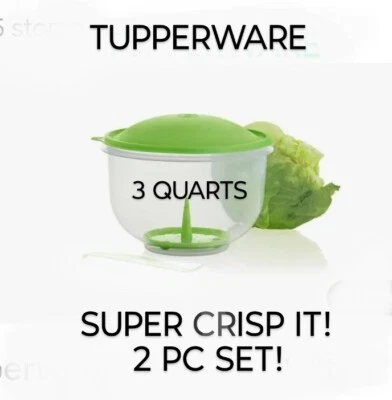 TUPPERWARE LARGE LETTACE SUPER CRISP IT KEEPER Green Seal & Spike LAST LONGER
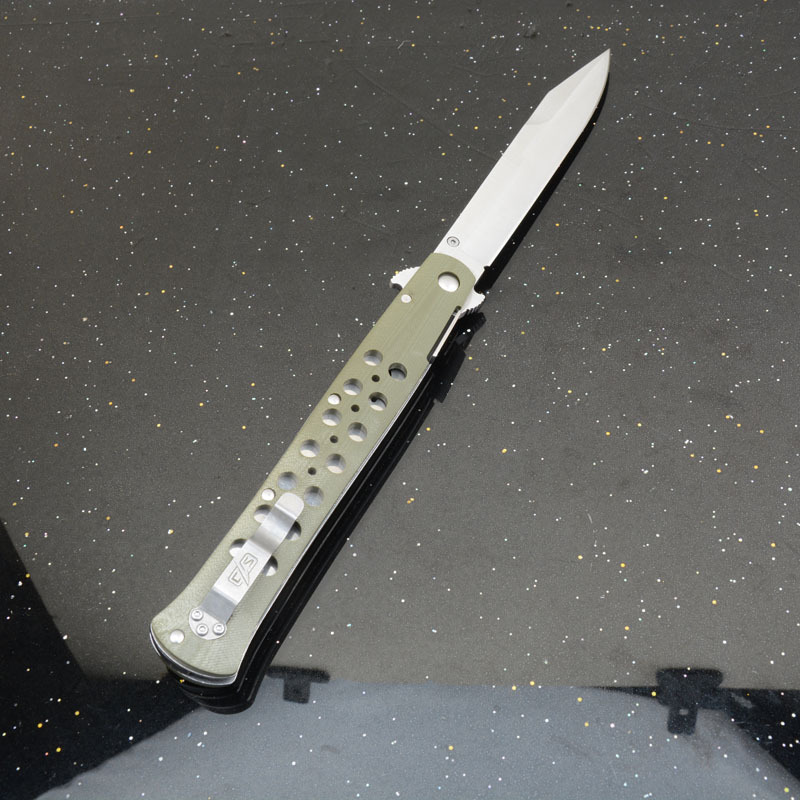 Cold Steel 26SXP Ti-Lite Flipper Knife 5.59" 440c Plain Satin Blade, Green Zy-Ex Handles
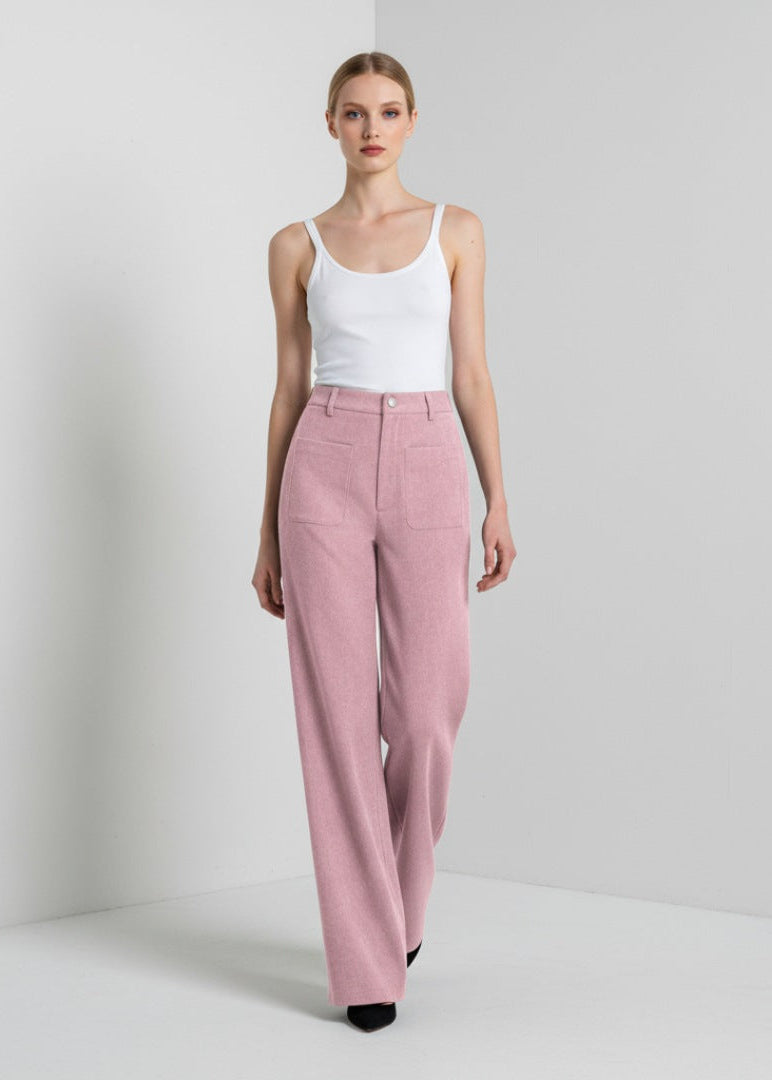 Högmidjade raka byxor i stretch med fickor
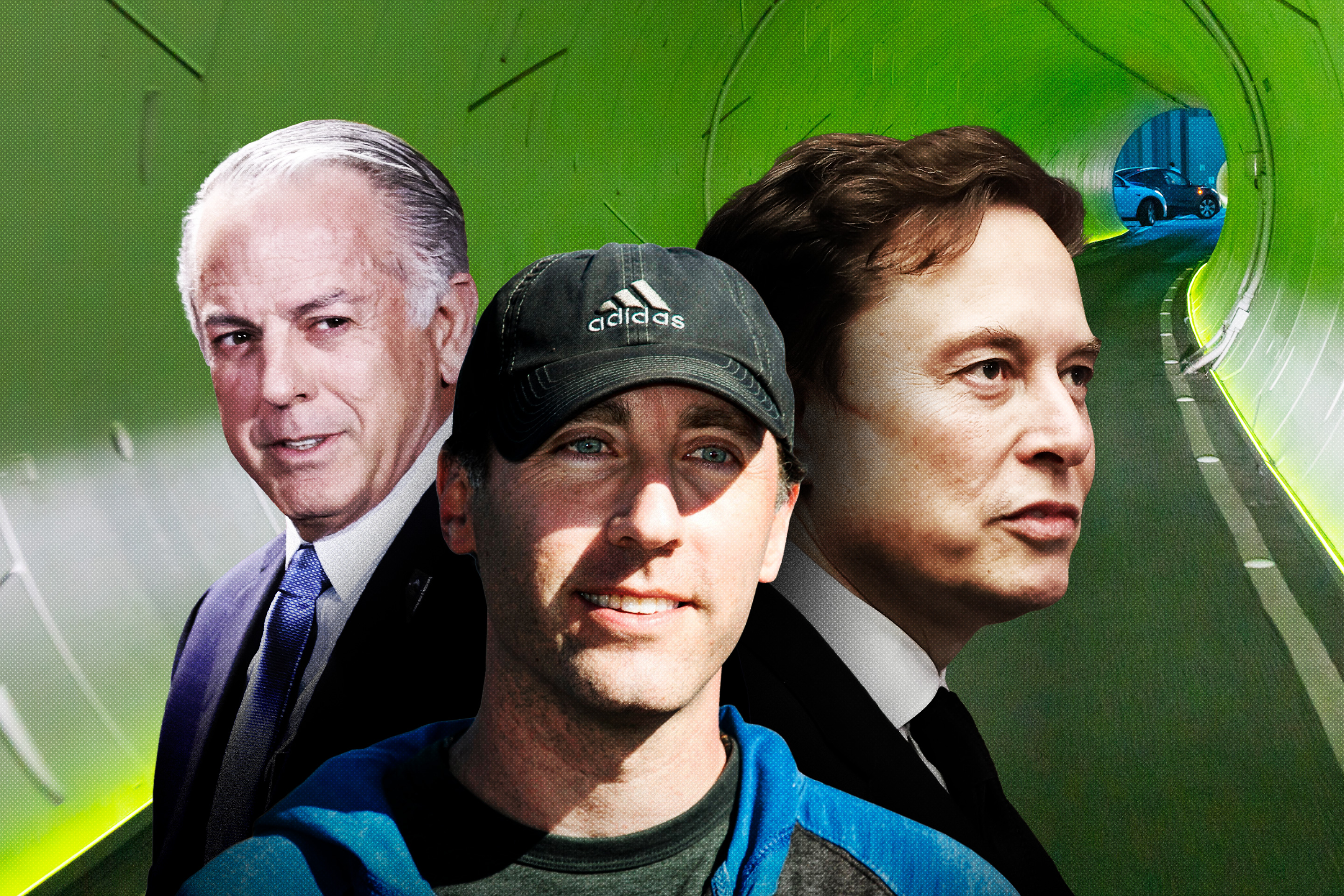 A Fortune investigation reveals that Boring Company, the tunneling startup founded by Elon Musk (right), was able to skirt aggressive penalties after its president, Steve Davis (center), protested to some of Nevada’s politicians, including to the Office of Nevada Governor Joe Lombardo (left).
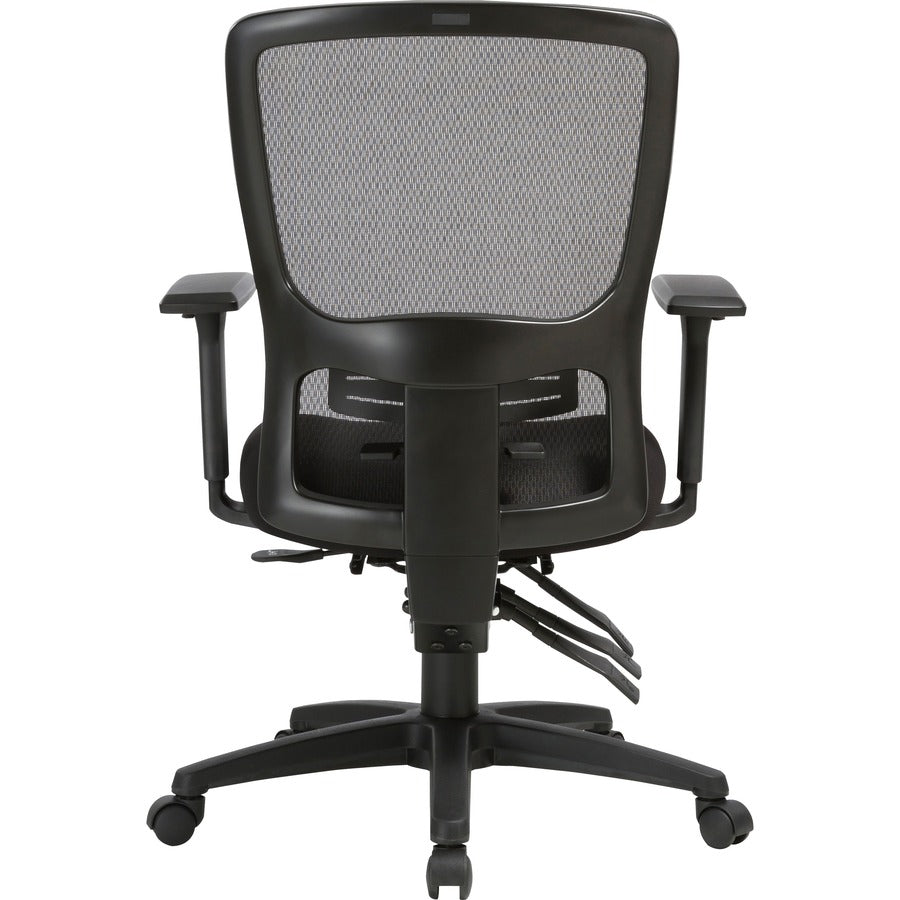 Lorell Ratchet High-back Mesh Chair - Black Seat - Black Mesh Back - High Back - 5-star Base - 1 Each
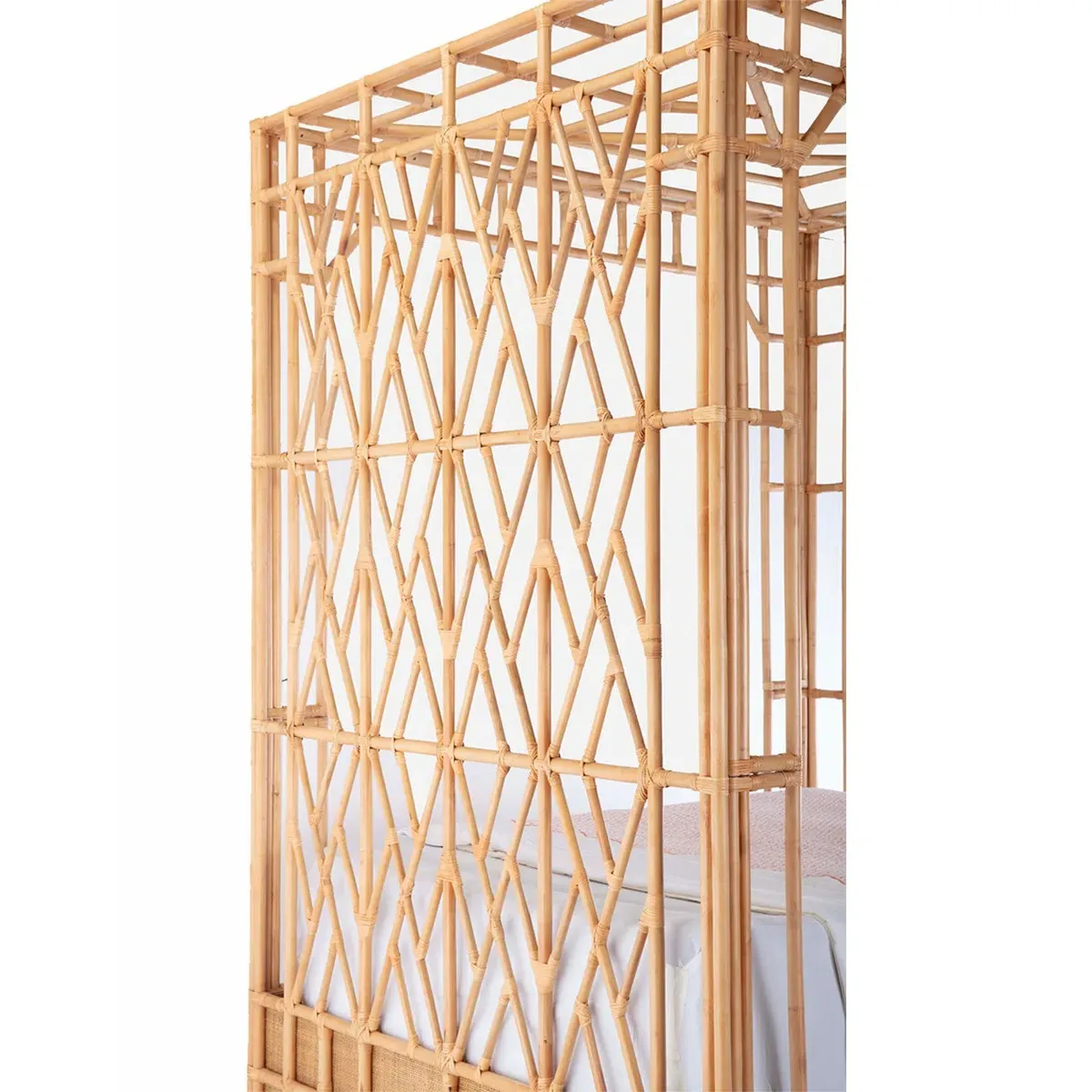 Palmer Queen Size Canopy Bed - Natural, Rattan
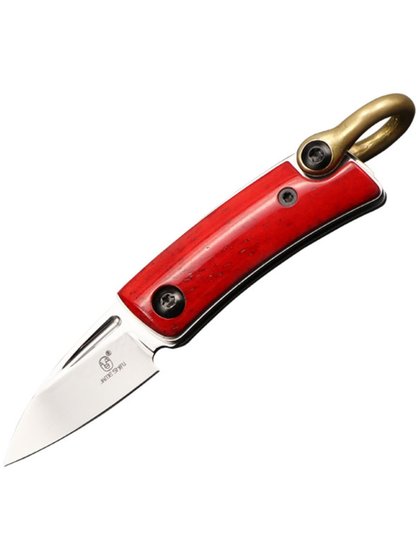 Sandvik 12C27 스틸 미니 나이프 수제 잠금없는 접이식 나이프 펜던트 키 암컷 캐리 온 쇠고기 골절 나이프 Sandvik 12C27 스틸 미니 나이프 수제 잠금없는 접이식 나이프 펜던트 키 암컷 캐리 온 쇠고기 골절 나이프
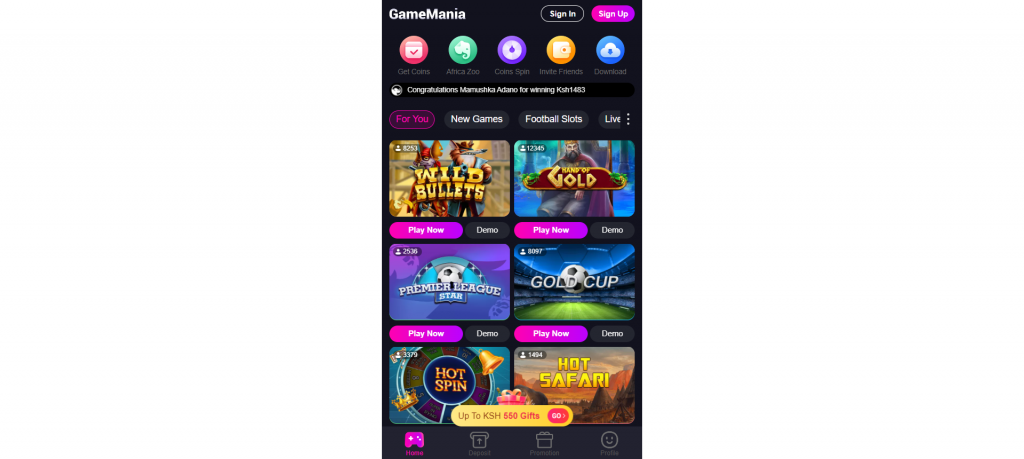 GameMania Casino Kenya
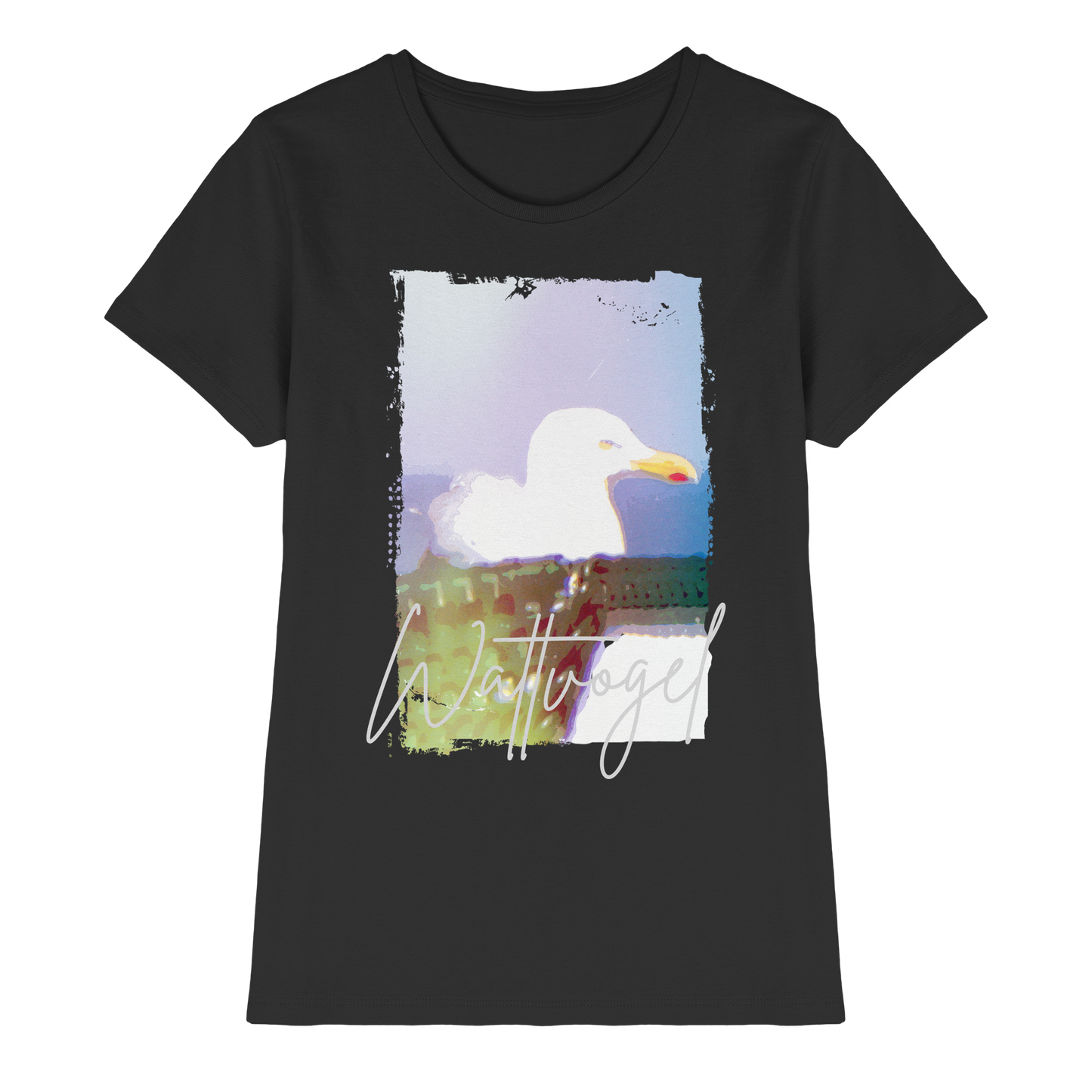 Wattvogel® Nordsee Möwe – Strandkorb Moment  - Ladies Premium Shirt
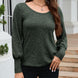 Ribbed Round Neck Lantern Sleeve Knit Top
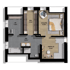 Grundriss des Erdgeschosses mit Garage, Bad, Flur, Büro, Speisekammer und Wohn-/Koch-/Essbereich.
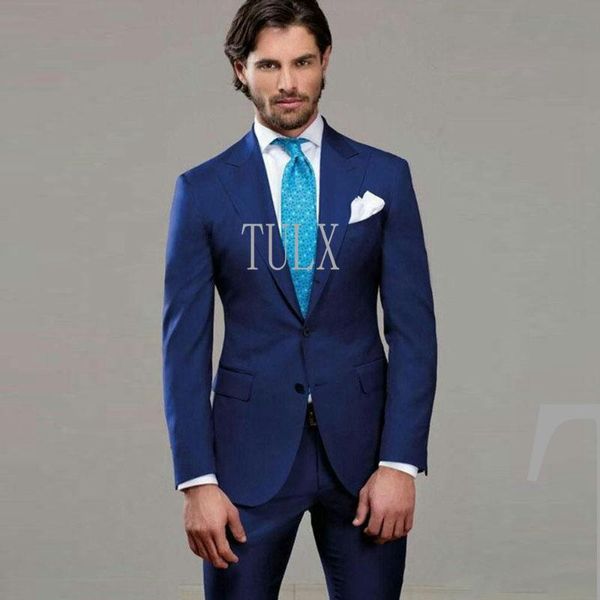 Abiti da uomo Blazer con visiera Design Blu per uomini d'affari Smoking da sposo da sposa 2 pezzi Groomsmen Wear Man Outfit Blazer Pantaloni Costume Homme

**Your objective**
Exactly the lines from the line that contains "GameMania Casino Kenya" through the last line above, and no other lines, must be output, with pictures excluded.

**Reply to the task**
 GameMania Casino Kenya
 Wattvogel® Nordsee Möwe – Strandkorb Moment  - Ladies Premium Shirt
 Ribbed Round Neck Lantern Sleeve Knit Top
 Grundriss des Erdgeschosses mit Garage, Bad, Flur, Büro, Speisekammer und Wohn-/Koch-/Essbereich.
 Abiti da uomo Blazer con visiera Design Blu per uomini d'affari Smoking da sposo da sposa 2 pezzi Groomsmen Wear Man Outfit Blazer Pantaloni Costume Homme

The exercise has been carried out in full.